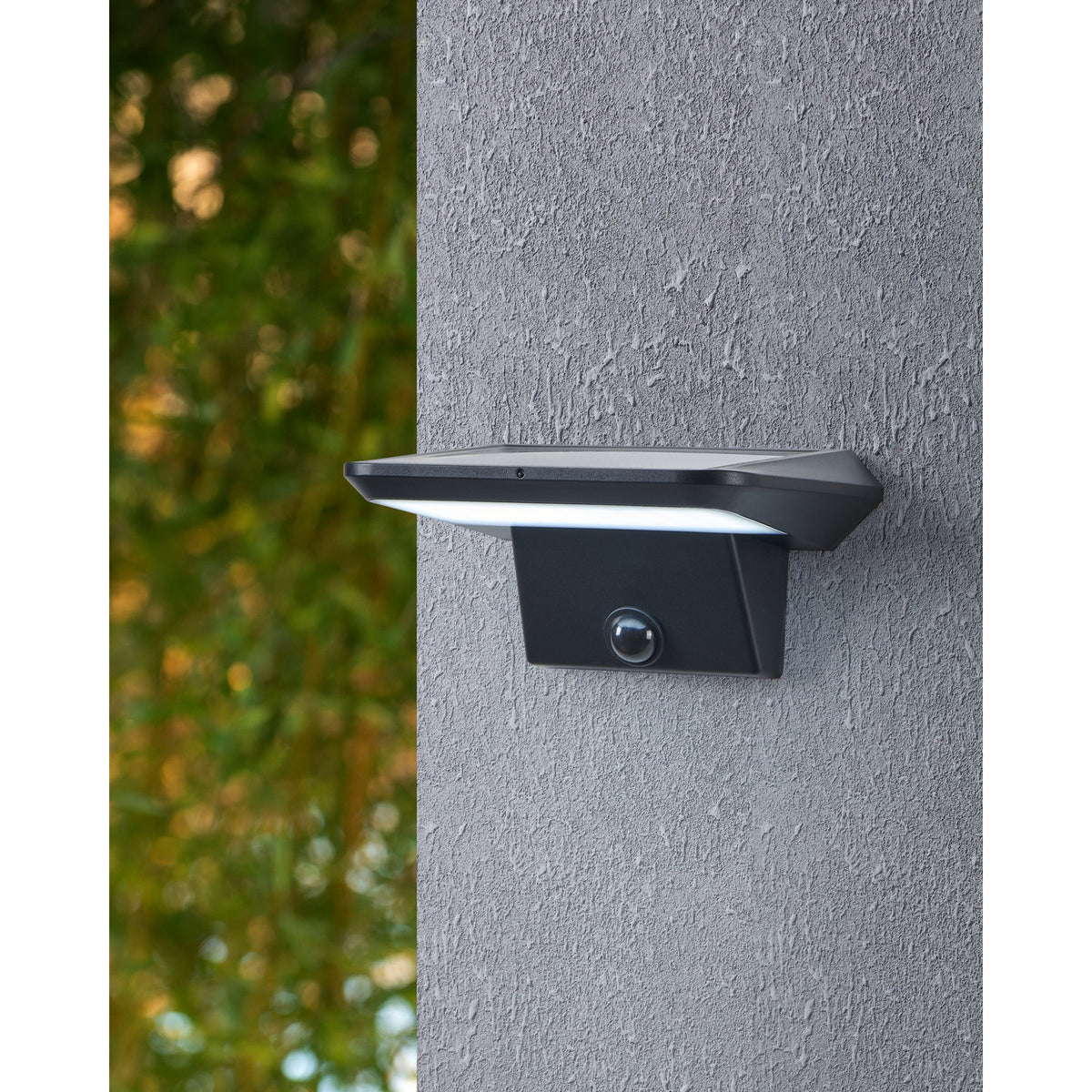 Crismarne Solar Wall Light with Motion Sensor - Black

--

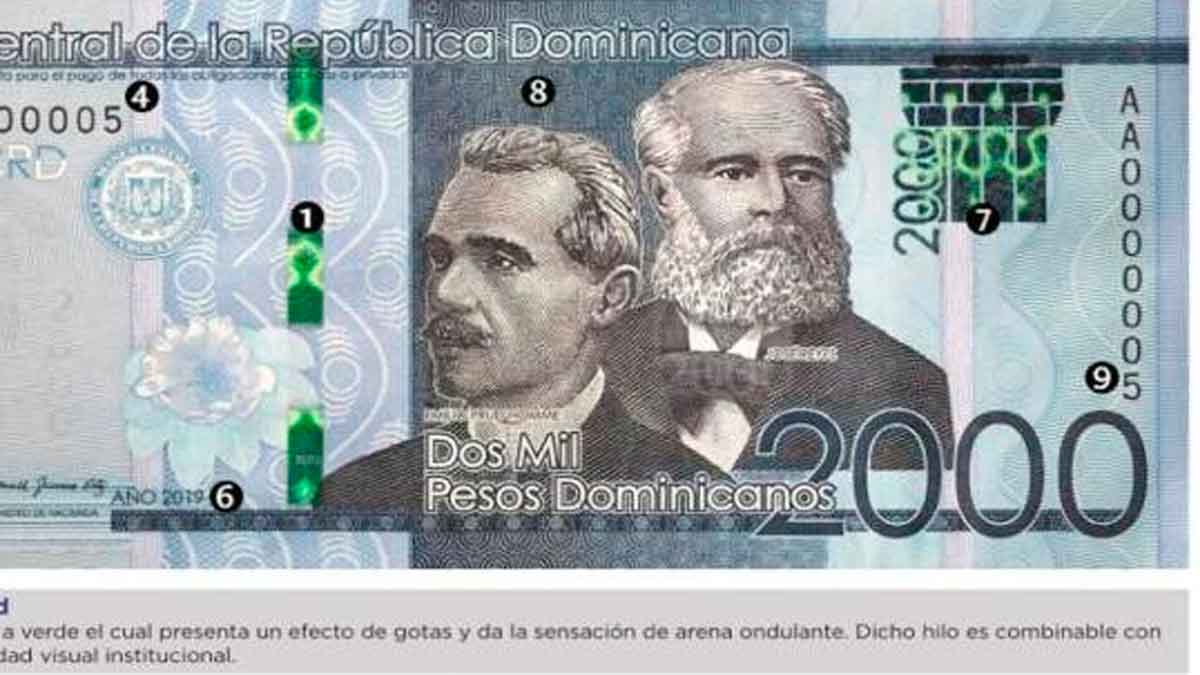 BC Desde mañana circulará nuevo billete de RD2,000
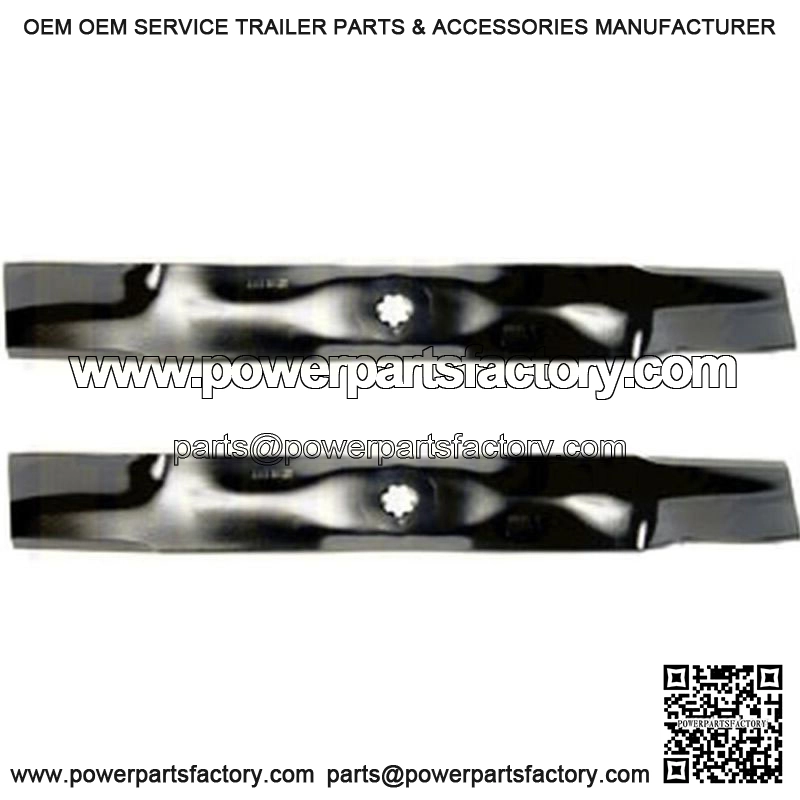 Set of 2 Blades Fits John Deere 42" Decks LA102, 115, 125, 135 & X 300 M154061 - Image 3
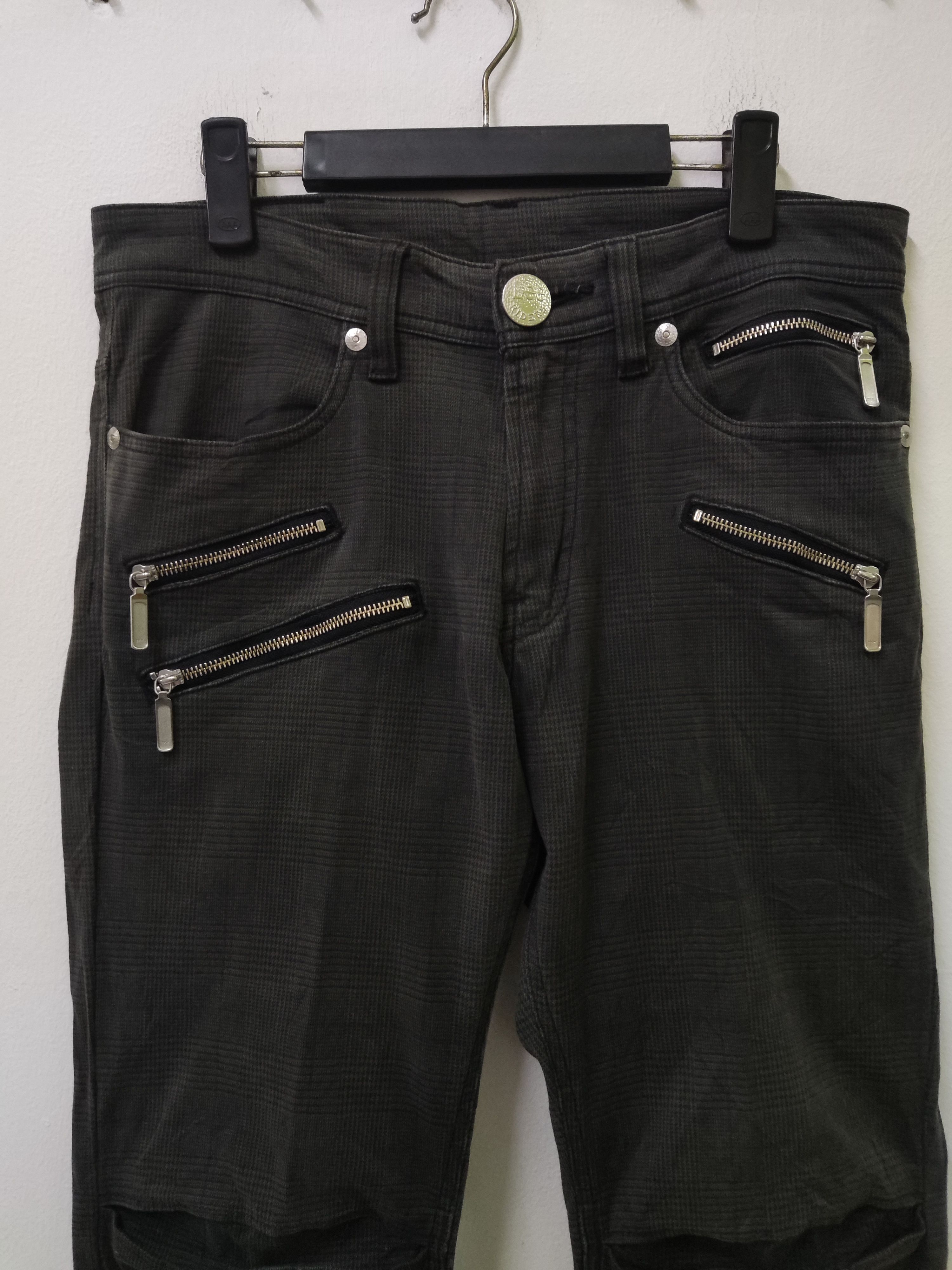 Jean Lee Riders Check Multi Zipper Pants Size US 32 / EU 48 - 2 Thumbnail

=== TASK STATEMENT ===
Everything above from the line containing "BC Desde mañana" down to the line containing "Jean Lee Riders" is to be duplicated exactly, both lines included, and the pictures are to be omitted.

=== FINISHED TASK ===
 BC Desde mañana circulará nuevo billete de RD2,000
 Set of 2 Blades Fits John Deere 42" Decks LA102, 115, 125, 135 & X 300 M154061 - Image 3
 Jean Lee Riders Check Multi Zipper Pants Size US 32 / EU 48 - 2 Thumbnail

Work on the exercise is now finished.